Vermont has no shortage of good local bread — from the sliced sesame wheat loaves from Shelburne’s O Bread
, to the jalapeño-cheddar rolls from Burlington’s August First
, to the crusty baguettes from Middlesex’s Red Hen Baking Co.
With such a bounty nearby, I’ve never felt compelled to bake bread at home. But on a recent rainy, icy morning, when getting out of the house with a three-year-old seemed like an insurmountable task, my son, Theo, and I decided to give bread baking a whirl.
We used a recipe called “A Child’s First Bread” from a new cookbook, Sylvia’s Table
by Liz Neumark with Carole Lalli. After Neumark’s youngest daughter died just before her seventh birthday, the mom of three other children bought a farm and established the Sylvia Center
— a non-profit that teaches kids in New York City and the Hudson Valley how to make fresh, healthy food. Sylvia’s Table
isn’t a kids’ cookbook per se, but it includes many family-friendly recipes inspired by the Sylvia Center's work.

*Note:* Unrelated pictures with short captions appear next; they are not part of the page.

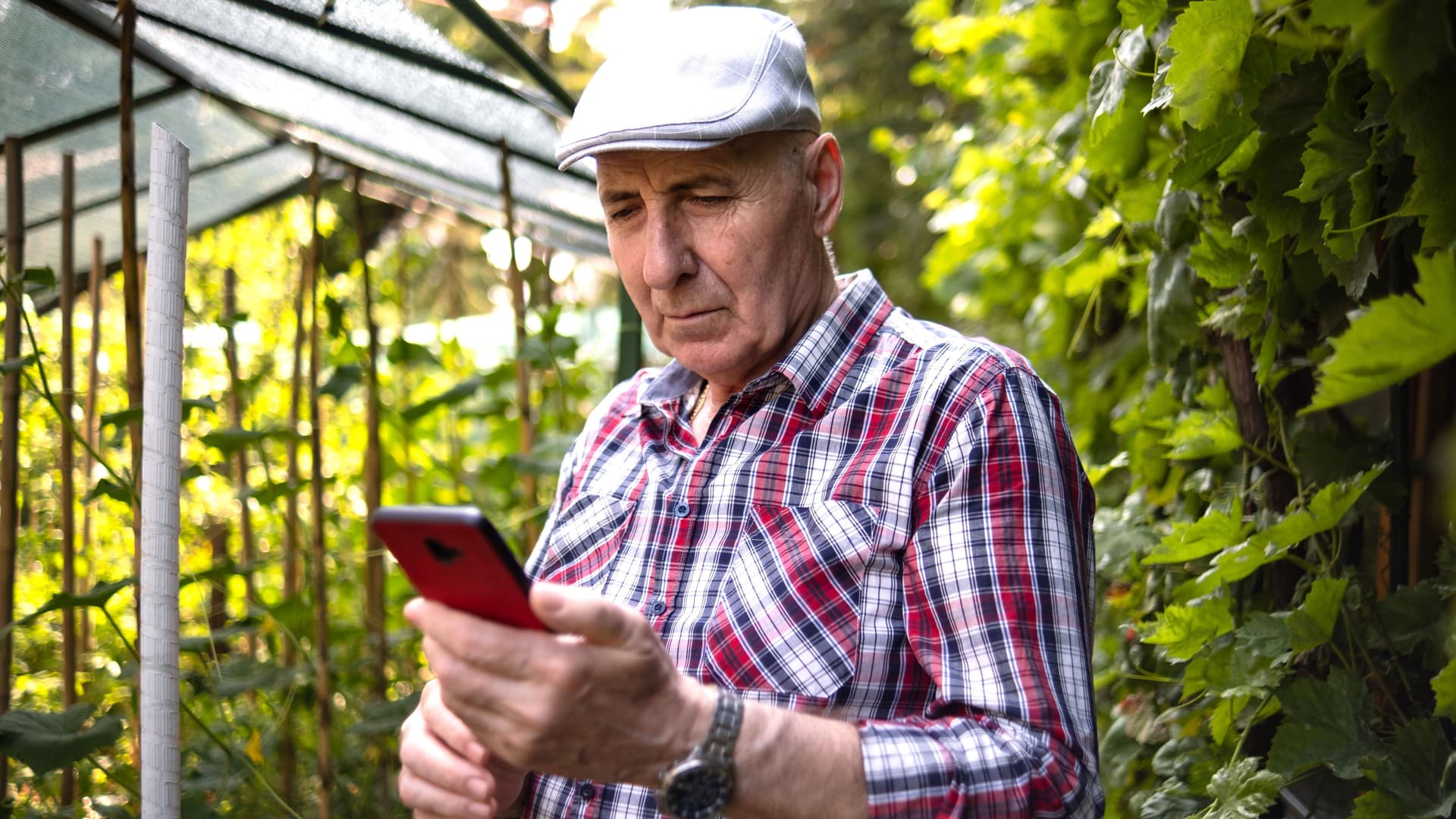 Ein älterer Mann steht in einem Garten, neben einem Gewächshaus. Er schaut auf sein Handy.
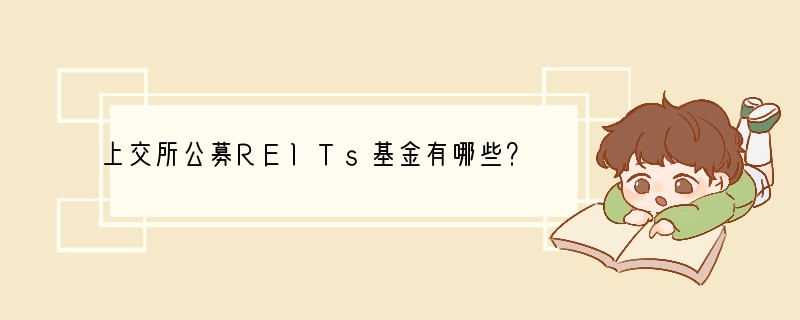 上交所公募REITs基金有哪些？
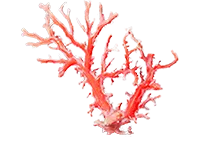 赤珊瑚買取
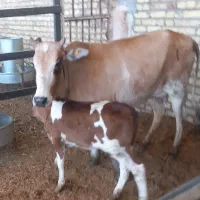 گاو با گوساله نر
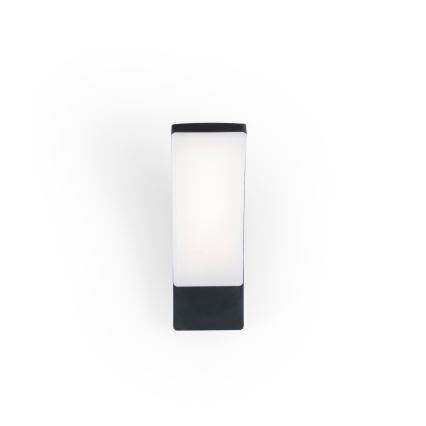 BRILAGI - LED Außenwandleuchte ARCELO LED/12W/230V IP65 schwarz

Theo and I got started by mixing together yeast, sugar, warm water and bread flour, then letting it sit for 10 minutes until it began to bubble. Theo had never encountered yeast before, so we watched a couple of YouTube videos about how the fungus does its job. Theo really understood — and wasn’t grossed out by — the concept that yeast is alive, a little organism that greedily eats up sugar and then burps out carbon dioxide, which creates the air bubbles that make bread fluffy.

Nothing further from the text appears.